No sin muertos

Por Rafael Belchí

 

De acuerdo con los manuales escolares, la así llamada Historia Contemporánea inicia su andadura con la toma de la Bastilla. Con ella se inaugura, al tiempo, el mito romántico de la revolución, ánimo de un espíritu movilizado ante un estado de cosas injusto y que subsanará imponiendo la fuerza, del colectivo o de las armas.

A diferencia de otras creencias ya en retirada, la revolución abandona la doctrina de la otra mejilla y pasa a la acción, fiando todo el éxito de su empresa a la victoria total.

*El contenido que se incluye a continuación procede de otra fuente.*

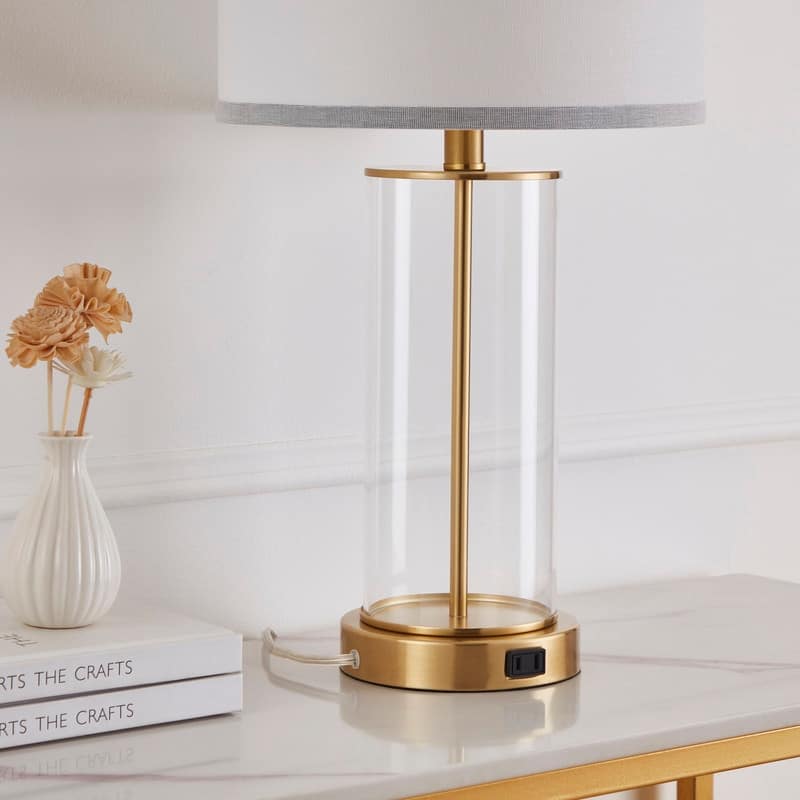 KAWOTI 23.25" Touch Control Table Lamp Set with USB Ports (Set of 2) - W12" * H23.25"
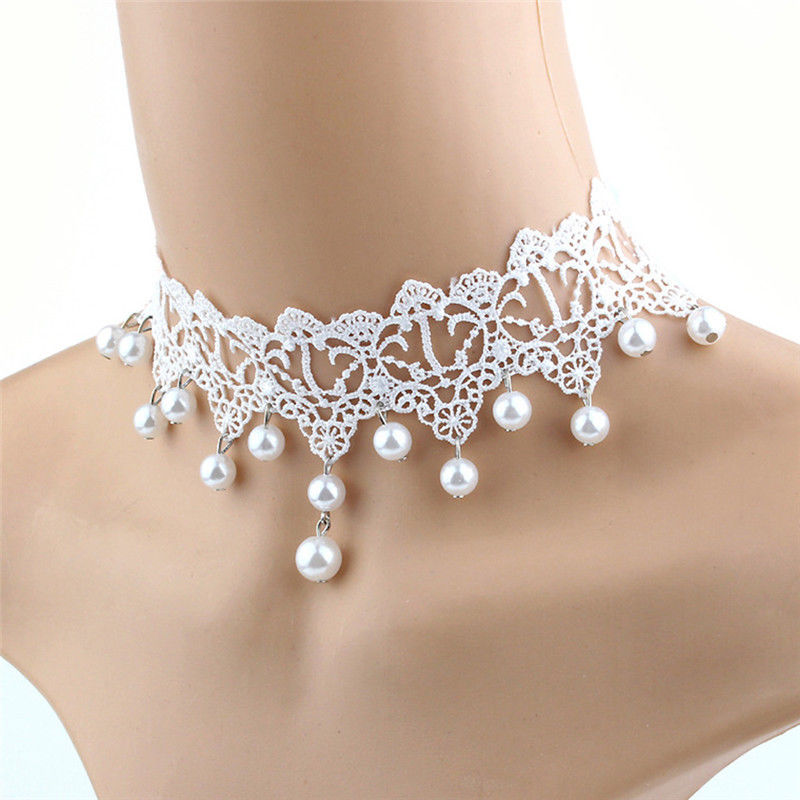 Elegant Vintage Imitation Pearl White Lace Statement Choker Necklaces Bridal Jewelry For Women Wedding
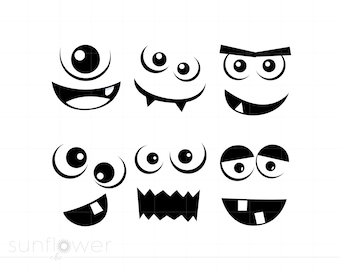Monster Faces Svg Cut Files, Monsters SVG, Monster SVG Clipart Download, Halloween Svg Dxf Pdf Cricut Silhouette Cut File Downloads SC401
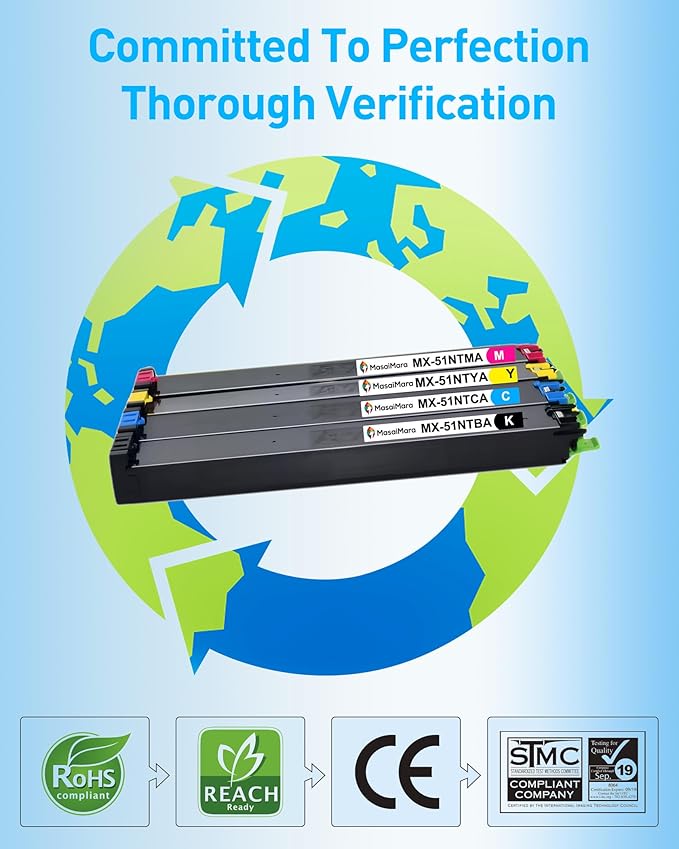 MasaiMara High Yeild MX-51NT MX51NT Compatible Toner Cartridge for Shap MX-51NTBA MX-51NTCA MX-51NTMA MX-51NTYA MX-4110N MX-4111N MX-4140N MX-4141N MX-5110N MX-5111N MX-5140N MX-5141N Printer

Por eso, y por enfrentarse –más que al otro, al Estado o al capital– a la realidad del tiempo histórico, la revolución alza el vuelo herida de ala: tiene que conquistar el poder a la vez que la conciencia, va con prisa a todas partes y una vez alcanza el trono se le agolpan las tareas, de los sinsabores del gobierno a la liquidación del disidente, sin olvidar que entre tanto ha de proseguir la marcha en pos de la armonía universal. Ante semejante panorama no es de extrañar que Robespierre acabara con la cabeza en una cesta, aborrecido por la plebe y traicionado por los suyos. El instrumento, la guillotina, le resultó formidable para el terror, pero muy poca cosa para el exterminio. Rusos y chinos se las apañarían mejor con la metralleta.

Tomando en consideración que la caída de Robespierre dejaría –tras la transición del Directorio– vía libre a Napoleón, cabría hablar de dos tiempos: 1) el tiempo de la revolución, breve lapso que trastoca con su irrupción las piezas del escenario histórico; y 2) el tiempo revolucionario, desencadenado con aquel y donde la ruptura del tiempo histórico, lejos de terminar en sí misma, propicia un salto tan de largo alcance como por completo inesperado en virtud de un caos que asalta el orden; de esta guisa y siguiendo el ejemplo francés, el cuarto de siglo que media entre la Bastilla y la caída de Napoleón es sencillamente espectacular: se diría que la historia ignoró los anhelos de revolución para conformar –como quiso Hegel– eso de la unidad del espíritu en lo universal o, lo que es lo mismo, la nación.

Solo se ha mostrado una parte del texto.